Wilson, 71, lives a quiet life in Wilsall, a tiny town at the foot of the Crazies. The walls of his small home are adorned with antlers and family photographs dating back to the 1800s. 

"I grew up with a pack on my back hiking those mountains," he said. "Both of my sons grew up in the Crazy Mountains ... And I cannot tell you how special they are to me — because I get choked up sometimes."

The Crazies resemble a mountain fortress — an island of jagged peaks rising more than 7,000 feet above the surrounding high plains, complete with secluded river valleys and alpine lakes. Yet their beauty belies a long history of heated conflict rooted in century-old decisions.  

In the late 1800s, Congress paid the transcontinental railroads for their work by giving them every other square mile of federal land across whole regions of the West, which resulted in a checkerboard pattern of private and public land ownership. 

Like much of the American West, the Crazy Mountains were divided into a checkerboard of public and private lands in the 1800s, an arrangement known as “Lincoln’s chessboard” that has fueled access disputes ever since. (Luis A Yordan for Floodlight)

Anyone could continue to use public roads and trails that crossed through these newly minted private parcels, according to congressional acts and court rulings. Over time, however, those parcels in the Crazies were bought up by some of the richest people in the state, some of whom objected to the public crossing through their land. 

“They began to do things that violated those rules, such as blocking these roads, blocking these trails,” said Posewitz, the Montana lands advocate. 

Wilson first noticed the change around 2016, when he encountered a blocked trail on the west side of the Crazies that his grandparents had used nearly a century ago. He was furious. 
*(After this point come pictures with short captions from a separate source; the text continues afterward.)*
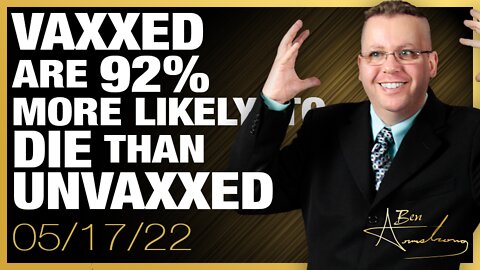 Vaxxed Young Adults are 92% More Likely to Die than Unvaccinated!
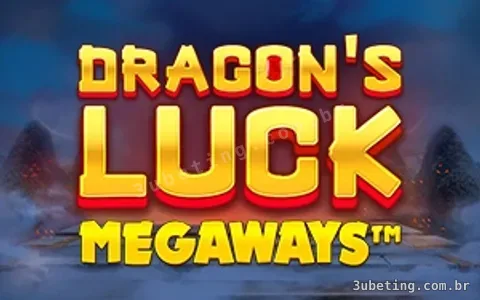 Sorte do Dragão Megaways — slot disponível no 3uBet
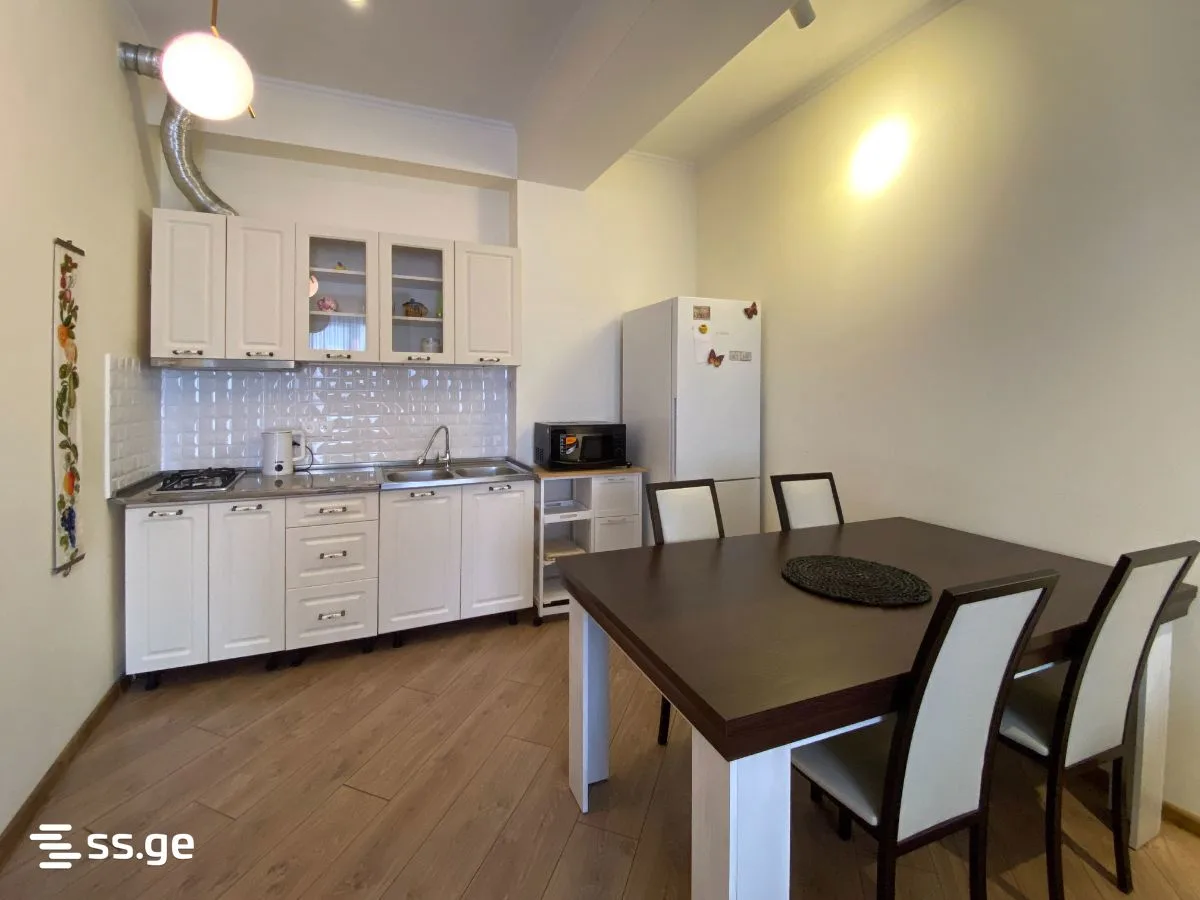 2 room Flat For Rent. Saburtalo · 4/8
“All of a sudden I'm like, ‘No, you can't do that. That’s ridiculous,’” Wilson recalled. 

Lifelong Montana hunter Brad Wilson stands on the U.S. Forest Service road leading into Big Timber Canyon. This road is now the sole public entry point into the eastern side of the Crazy Mountains, a 40-mile-long range. (Evan Simon / Floodlight)

Around that time, a U.S. forest ranger began to defend public access in the range by putting up Forest Service signs along contested trails. The big landowners weren’t happy. They reached out to Montana Republican Sen. Steve Daines and Trump’s then-Agriculture Secretary, Sonny Perdue. It wasn’t long before the ranger was reassigned. 
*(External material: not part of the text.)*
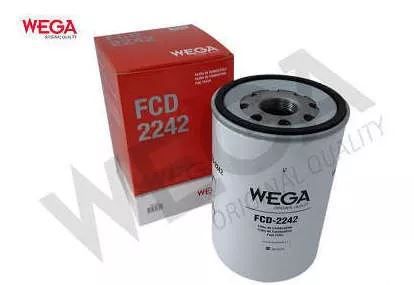 Filtro Wega Fcd2242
Daines and Perdue did not respond to Floodlight’s repeated requests for comment on the ranger controversy, and Forest Service officials said they wouldn’t talk about it. However, Mary Erickson, the former ranger’s boss, did talk, and she denied any political interference. 

She said the ranger “wasn’t reassigned,” he was “just assigned to something else while the investigation was in place.” She acknowledged the move looked punitive but said it was for the ranger’s own protection as the process played out.

Former Custer Gallatin Forest Supervisor Mary Erickson coordinated with the Yellowstone Club and other stakeholders to organize the land swap in the Crazy Mountains. “I saw the Yellowstone Club as a partner that had resources, but that the Forest Service would still be in the driver's seat,” she said. (Evan Simon / Floodlight)

Nylund served as Senator Tester’s natural resources liaison at the time, and said he worked closely with the Forest Service. To him, the ranger controversy exemplified the growing influence of Montana’s elites on the Crazies. 

“The political forces of the country came down on this district ranger and they put him in his place,” Nylund said. 

The ranger was eventually reinstated in 2017 after being cleared of any wrongdoing. Around the same time, Nylund said he was approached by a high-end consultant for an unnamed client seeking to swap land in the Crazies with the U.S. Forest Service. 

The unnamed client? 

“That was the Yellowstone Club,” Nylund said.

Erik Nylund was the natural resources liaison to former Democratic Montana Sen. Jon Tester and met with both the U.S. Forest Service and representatives of the Yellowstone Club during negotiations surrounding the controversial land swap in the eastern Crazy Mountains. (Evan Simon / Floolight)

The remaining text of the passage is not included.